When Social Media Becomes an Ego Machine

social-media-ego-originalDirk Hoyer, lecturer at the Tallinn Baltic Film and Media School and internationally award-winning filmmaker, is a firm believer that social media users are, to some extent, narcissistic. He calls social media an “ego machine.”

There is no denying it- social media is everywhere, and people are producing and consuming content more than ever before. According to Hoyer, the power of machines is something that we like to ignore. He says that the perspective is always in the short term, reflecting on the present situation and also where this device is going to take us. “We are losing, in some ways, what it does to our identity,” Hoyer says.

Hoyer shared his ideas during a UW-Milwaukee lecture entitled, “The ‘Self’ in Social Networks: The New Narcissism. Redefining the ‘social’ and the rise of the post-individualism” at the Hefter Conference center on Wednesday, Nov. 13.

Facebook users alone share 2.5 billion pieces of content per day, according to Steve Hasker, President of Global Product Leadership for Nielsen.

“The power of the machine has added a new dimension. It can become a self-fulfilling process,” Hoyer says. “This ego machine is actually a mixture of technology and we are formatted to adapt to that.”

Hoyer compares the future effects of technology to how Lewis Mumford saw the influence of the clock in the 14th century. Mumford’s research describes the influence of the invention of the clock on the perception of time. Mumford found that there is a hidden effect in technology.

“If we’re talking about social networks, it is still a relatively new medium and we still do not know the effects yet- much like the clock,” says Hoyer.

Hoyer believes that a social relationship is more of a thing. He references The Innovation of Loneliness video on Facebook and talks about the high pressured- demands of obtaining a high number of virtual “friends.”

“The average Facebook user has at least 600 friends,” Hoyer says, “If you have under 100 friends, you are an outcast or a psychopath or something.”

During his presentation, Hoyer divides Digital Identity into four categories: Subjectivity, Interpassivity, The Time Dilemma, and Connection versus Conjunction. One of the problems Hoyer highlights in Subjectivity is this whole question of how it is possible to actually relate to other people.
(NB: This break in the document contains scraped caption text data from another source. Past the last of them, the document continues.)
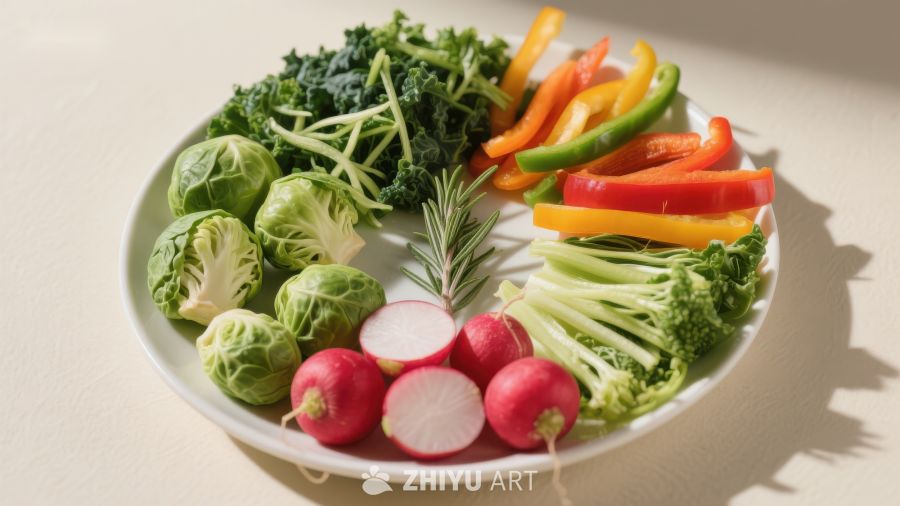 新鲜蔬菜拼盘，色彩丰富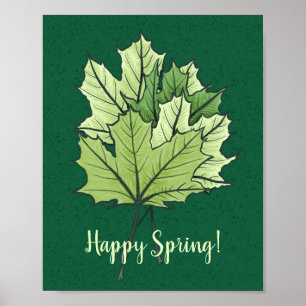 Poster Érable vert du printemps Amoureux de la nature Feu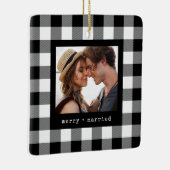 Neu verheiratetes und Verheiratetes Foto Kariert Keramikornament (Rechts)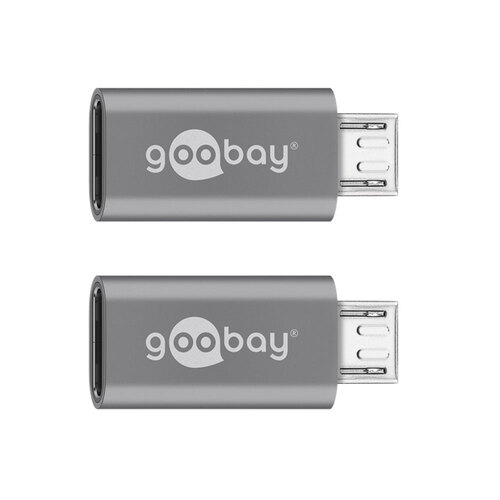 2x Goobay Male USB 2.0 Micro Type B to Female USB-C Adapter - Grey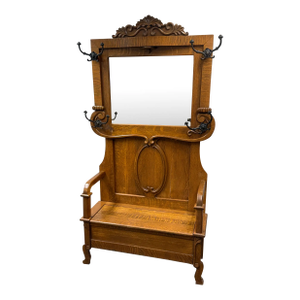 Antique Oak Hall Tree/Entry Bench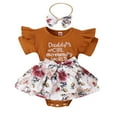 thumbnail image 1 of Baby Girl Summer Romper, 3 6 12 18M Short Sleeve Round Neck Bow Front Patchwork Skirt Bodysuit, 1 of 10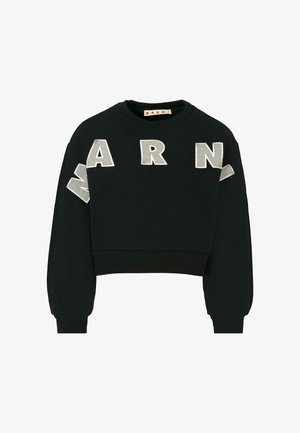 Felpa nera corta con lettering argento prominente "ARN" sul davanti e sulle maniche. Realizzata in tessuto morbido, presenta polsini e orlo a coste.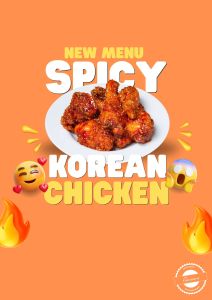 Krokante Koreaanse fried chicken, overgoten met een pittige, zoete saus en geserveerd met een frisse dip.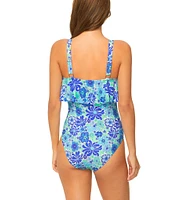 Raisins Venice Beach La Playa Floral Square Neck Ruffle One Piece Swimsuit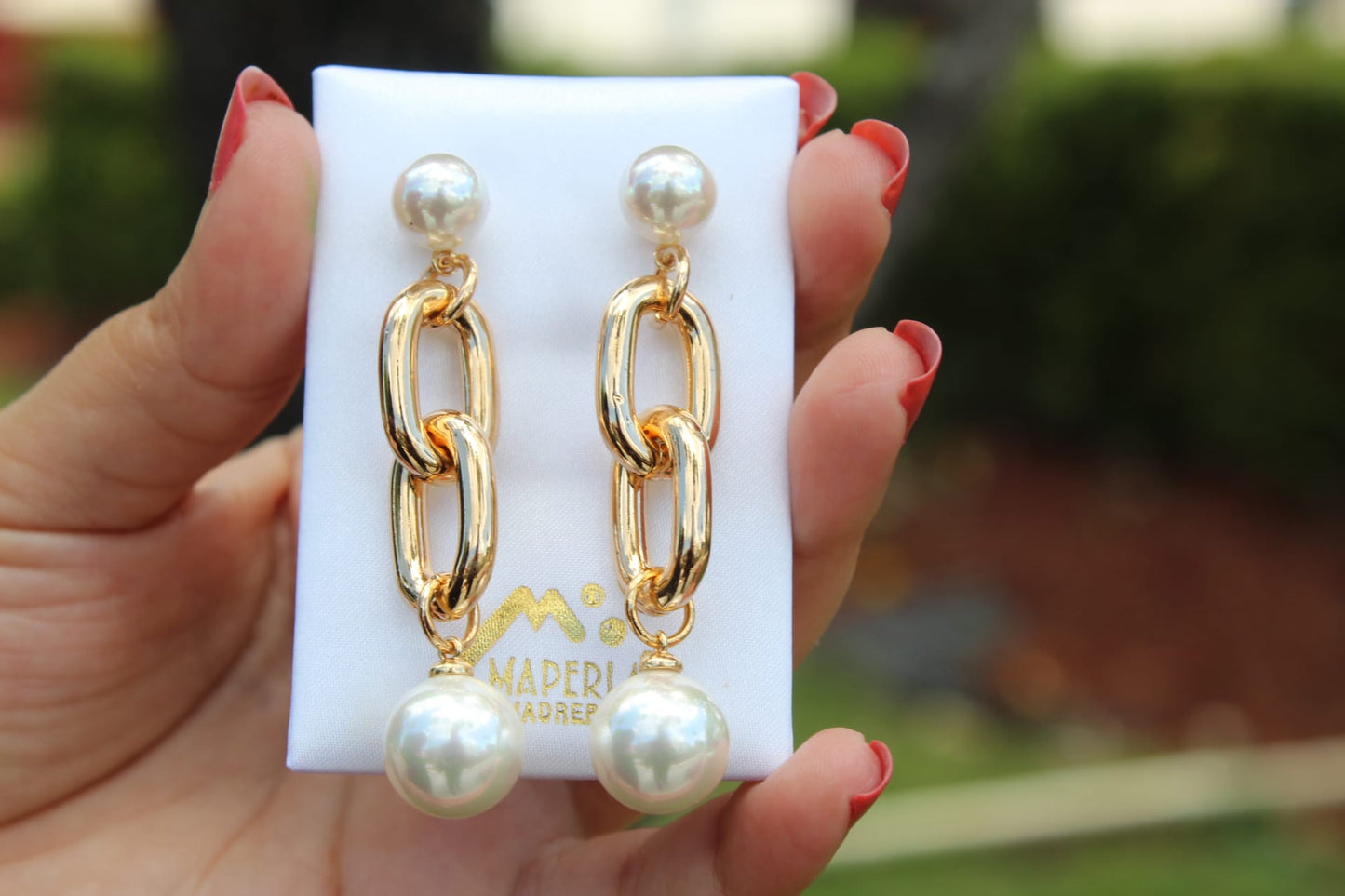 Pearl Gold Earrings Madre Perla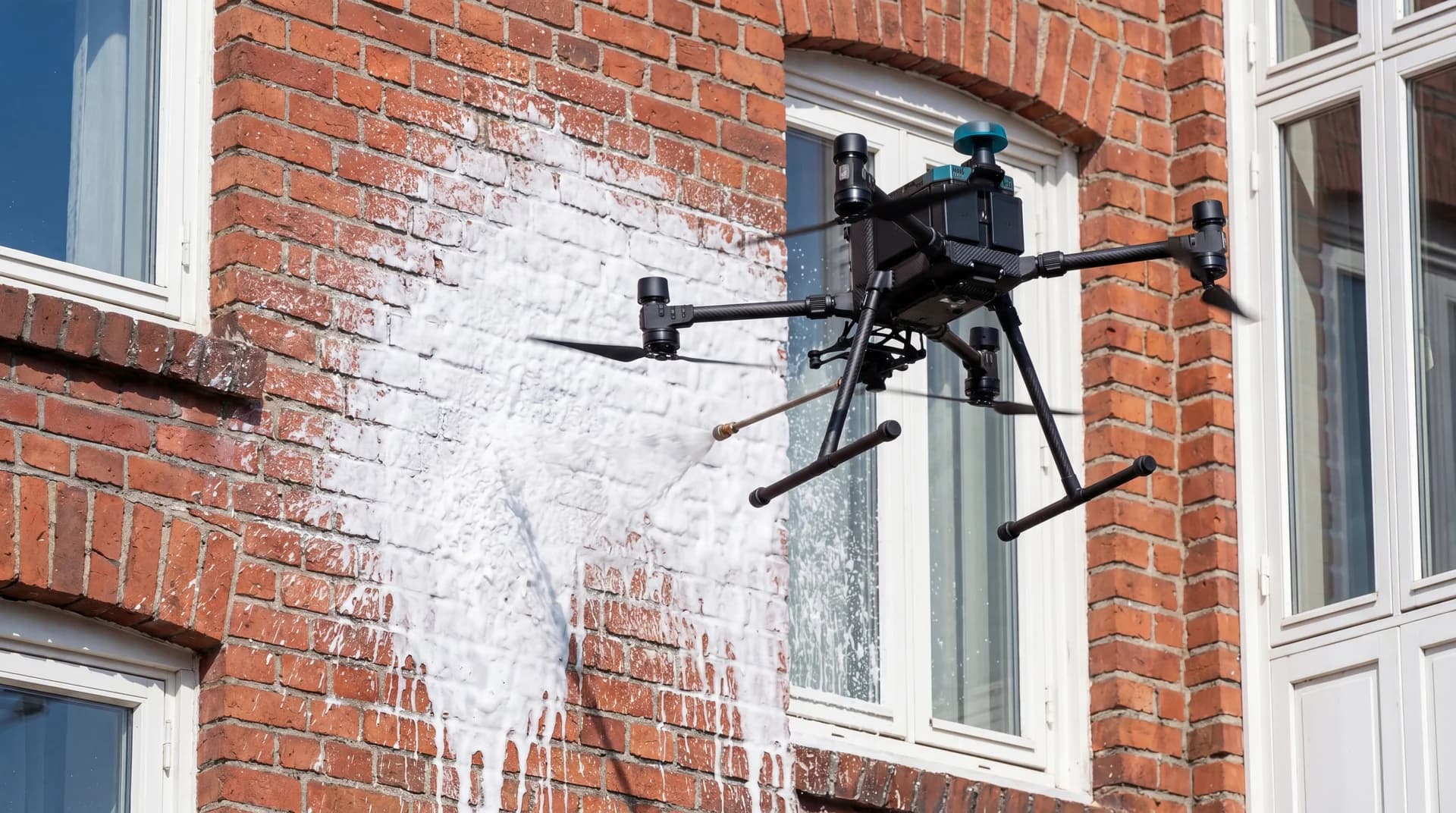 Drone utfører softwash på borettslag med synlig hvit såpeskum som renner ned fasaden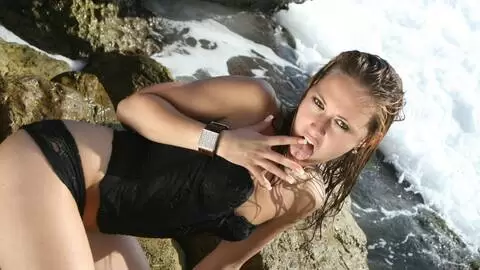 Sweet Young girl geting nude by the beach photo 6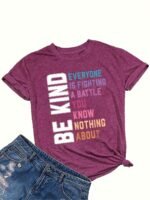 Women'S Casual Crew Neck Short Sleeve T-Shirt - "Be Kind" Inspirational Quote, Loose Fit, Geometric Pattern, Summer Essential, Summer Casual Wear | Casual Loose Fit Tee | Graphic Print Shir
“What is the real identity all about if the digital identity has become what it’s about?” Hoyer says. He believes it has become more and more complicated because the idea is that this void of imagination is the absence of culture.

For Interpassivity, Hoyer references a trend seen all over the world- the infamous walking tourist with a camera. He talks about tourists with their cameras walking around with great photos and a great experience; but all that is, is an experience that is worth a great experience.

“You can ask someone, ‘Do you really think you are experiencing the city by using your telephone?’” Hoyer says, “There is a certain awareness, even, that it is absurd, but still everyone does it.”

He quotes writer and theorist, Neil Postman, saying, “Orwell feared those who would deprive us of information. Huxley feared those who would give us so much that we would be reduced to passivity and egoism.”

Hoyer opens up The Time Dilemma with a quote from writer William Morris, saying, “A man must have time for serious thought, for imagination, for dreaming even, or the race of men will inevitably worsen.” According to Hoyer, we are not able to develop alternatives because we cannot dream or imagine.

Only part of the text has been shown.